- [Exercise] Below are the records; restate all of them word for word.

Records contained in a dataset
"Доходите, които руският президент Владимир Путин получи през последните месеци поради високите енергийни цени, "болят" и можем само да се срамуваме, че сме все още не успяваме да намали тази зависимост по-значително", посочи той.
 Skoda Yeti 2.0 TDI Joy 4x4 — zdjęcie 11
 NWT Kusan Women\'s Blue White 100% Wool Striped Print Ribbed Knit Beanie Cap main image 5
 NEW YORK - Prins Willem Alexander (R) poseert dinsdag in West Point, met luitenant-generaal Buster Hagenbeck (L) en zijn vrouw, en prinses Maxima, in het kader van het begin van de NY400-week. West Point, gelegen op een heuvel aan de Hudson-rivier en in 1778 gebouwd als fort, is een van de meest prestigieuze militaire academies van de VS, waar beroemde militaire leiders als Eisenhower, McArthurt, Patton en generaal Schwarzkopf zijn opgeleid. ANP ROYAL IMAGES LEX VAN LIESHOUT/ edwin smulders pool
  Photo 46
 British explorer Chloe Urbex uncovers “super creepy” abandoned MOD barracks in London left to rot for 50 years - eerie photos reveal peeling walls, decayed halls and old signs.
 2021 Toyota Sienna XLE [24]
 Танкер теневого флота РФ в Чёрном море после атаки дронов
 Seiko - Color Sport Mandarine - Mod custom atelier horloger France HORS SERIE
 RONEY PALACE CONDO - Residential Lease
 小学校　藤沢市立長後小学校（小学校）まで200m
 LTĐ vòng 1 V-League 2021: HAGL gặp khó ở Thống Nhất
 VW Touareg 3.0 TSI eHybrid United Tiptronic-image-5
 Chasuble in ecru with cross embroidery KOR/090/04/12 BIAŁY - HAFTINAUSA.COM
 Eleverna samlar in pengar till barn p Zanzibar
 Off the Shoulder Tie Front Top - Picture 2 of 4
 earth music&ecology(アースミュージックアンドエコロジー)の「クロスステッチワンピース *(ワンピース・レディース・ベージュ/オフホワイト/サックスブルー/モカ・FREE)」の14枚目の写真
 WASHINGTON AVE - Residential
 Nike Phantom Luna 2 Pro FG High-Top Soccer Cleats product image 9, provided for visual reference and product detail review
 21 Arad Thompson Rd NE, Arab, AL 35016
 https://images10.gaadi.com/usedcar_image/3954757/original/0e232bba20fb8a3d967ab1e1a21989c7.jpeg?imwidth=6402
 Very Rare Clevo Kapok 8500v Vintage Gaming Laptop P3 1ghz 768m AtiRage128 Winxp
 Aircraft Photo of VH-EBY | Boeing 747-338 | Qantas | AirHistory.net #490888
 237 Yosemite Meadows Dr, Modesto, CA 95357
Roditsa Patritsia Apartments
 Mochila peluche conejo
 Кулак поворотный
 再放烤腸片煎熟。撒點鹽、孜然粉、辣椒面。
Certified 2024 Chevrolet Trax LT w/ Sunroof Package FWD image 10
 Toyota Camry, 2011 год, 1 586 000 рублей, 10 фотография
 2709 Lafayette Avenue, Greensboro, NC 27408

- [Answer to this problem]
"Доходите, които руският президент Владимир Путин получи през последните месеци поради високите енергийни цени, "болят" и можем само да се срамуваме, че сме все още не успяваме да намали тази зависимост по-значително", посочи той.
 Skoda Yeti 2.0 TDI Joy 4x4 — zdjęcie 11
 NWT Kusan Women\'s Blue White 100% Wool Striped Print Ribbed Knit Beanie Cap main image 5
 NEW YORK - Prins Willem Alexander (R) poseert dinsdag in West Point, met luitenant-generaal Buster Hagenbeck (L) en zijn vrouw, en prinses Maxima, in het kader van het begin van de NY400-week. West Point, gelegen op een heuvel aan de Hudson-rivier en in 1778 gebouwd als fort, is een van de meest prestigieuze militaire academies van de VS, waar beroemde militaire leiders als Eisenhower, McArthurt, Patton en generaal Schwarzkopf zijn opgeleid. ANP ROYAL IMAGES LEX VAN LIESHOUT/ edwin smulders pool
  Photo 46
 British explorer Chloe Urbex uncovers “super creepy” abandoned MOD barracks in London left to rot for 50 years - eerie photos reveal peeling walls, decayed halls and old signs.
 2021 Toyota Sienna XLE [24]
 Танкер теневого флота РФ в Чёрном море после атаки дронов
 Seiko - Color Sport Mandarine - Mod custom atelier horloger France HORS SERIE
 RONEY PALACE CONDO - Residential Lease
 小学校　藤沢市立長後小学校（小学校）まで200m
 LTĐ vòng 1 V-League 2021: HAGL gặp khó ở Thống Nhất
 VW Touareg 3.0 TSI eHybrid United Tiptronic-image-5
 Chasuble in ecru with cross embroidery KOR/090/04/12 BIAŁY - HAFTINAUSA.COM
 Eleverna samlar in pengar till barn p Zanzibar
 Off the Shoulder Tie Front Top - Picture 2 of 4
 earth music&ecology(アースミュージックアンドエコロジー)の「クロスステッチワンピース *(ワンピース・レディース・ベージュ/オフホワイト/サックスブルー/モカ・FREE)」の14枚目の写真
 WASHINGTON AVE - Residential
 Nike Phantom Luna 2 Pro FG High-Top Soccer Cleats product image 9, provided for visual reference and product detail review
 21 Arad Thompson Rd NE, Arab, AL 35016
 https://images10.gaadi.com/usedcar_image/3954757/original/0e232bba20fb8a3d967ab1e1a21989c7.jpeg?imwidth=6402
 Very Rare Clevo Kapok 8500v Vintage Gaming Laptop P3 1ghz 768m AtiRage128 Winxp
 Aircraft Photo of VH-EBY | Boeing 747-338 | Qantas | AirHistory.net #490888
 237 Yosemite Meadows Dr, Modesto, CA 95357
Roditsa Patritsia Apartments
 Mochila peluche conejo
 Кулак поворотный
 再放烤腸片煎熟。撒點鹽、孜然粉、辣椒面。
Certified 2024 Chevrolet Trax LT w/ Sunroof Package FWD image 10
 Toyota Camry, 2011 год, 1 586 000 рублей, 10 фотография
 2709 Lafayette Avenue, Greensboro, NC 27408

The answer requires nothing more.